A recent executive summary from a 2022 SAMHSA meeting on recovery indicates no plans to develop a new, more precise definition. Put simply, the 2010 Working Definition relied on by federal policymakers more than a decade later would benefit from an update — this time as part of a more formal process that reflects and is fully supported and informed by established peer-reviewed science, ethical and policy considerations.

We need a transparent and public process to develop an improved federal definition of recovery. Because the federal definition of recovery can impact funding, program outcomes and policies, such as ONDCP’s strategy, it’s important for that definition to be up-to-date and evidence-based. We should know who is involved in formulating this strategy and how any draft definition is revised to reflect their input.

In developing an updated recovery definition, the federal government would ideally consider current scientific literature on recovery and the recovery process.
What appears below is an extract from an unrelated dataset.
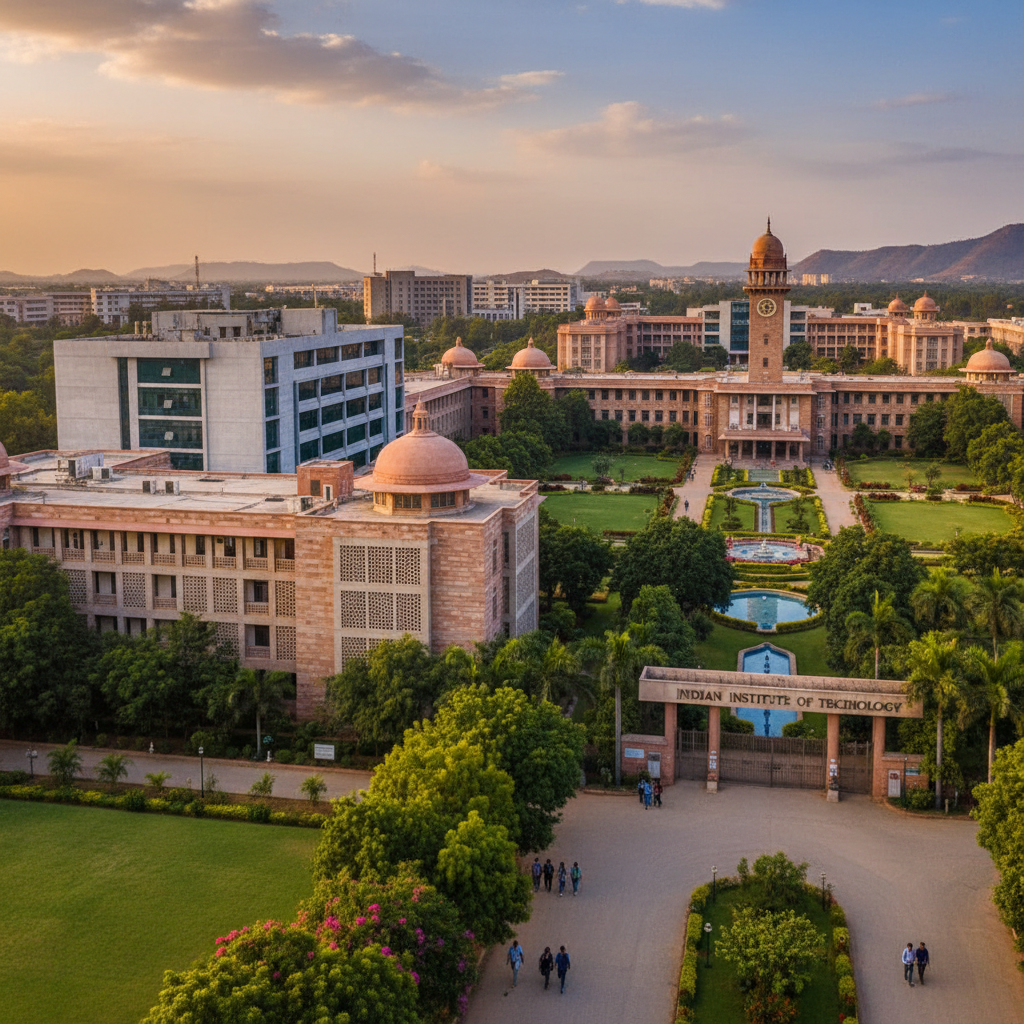 IIT Bombay campus aerial view with lake and academic buildings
The updated definition would cite and reference peer-reviewed and other reports. It would reflect international norms.

An updated definition also would reflect public input and participation from SAMHSA’s peer agencies such as the National Institutes of Health (including the National Institutes on Alcohol Abuse and Alcoholism, Mental Health, and Drug Abuse), Centers for Disease Control and Prevention, Centers for Medicare and Medicaid Services as well as ONDCP, the Department of Justice and others with interest and programs in this area. The process of developing a revised definition would be led and driven by federal staff in collaboration with the public, not outsourced to contractors or consultants. Public input into the definition both from individuals and organizations representing older adults, youth, racial and ethnic minorities, law enforcement, tribal populations, health care providers, veterans and others would be specifically solicited.

An updated recovery definition would not only allow for comment through listening sessions or meetings but also be published in the Federal Register with a public docket on so we would know who commented and what they said. (Anonymous comments still may be made when submitting comments to a public docket for those who do not want to share their personal information). The updated definition or an explanation of the definition would be published in a peer-reviewed journal, where it would ideally be subject to the journal’s standard process of independent peer review.

Lack of precision with the term “recovery” in the substance use world in some ways mirrors similar methodological problems with the term “serious mental illness,” which also is subject to variation that impacts federal programs. Developing a revised and more precise and scientific definition or recovery in a transparent manner would improve the nation’s substance use disorder programs. It also would ultimately help those with substance use disorders and their friends, family, and health providers.

There is every reason to support those recovering from current and past substance use disorders. But we need a more precise, scientific, and shared understanding of just what recovery really means.

Mitchell Berger has worked in public and behavioral health at the federal and local levels. The opinions expressed are solely his and should not be imputed to any other individual nor to any public or private entities.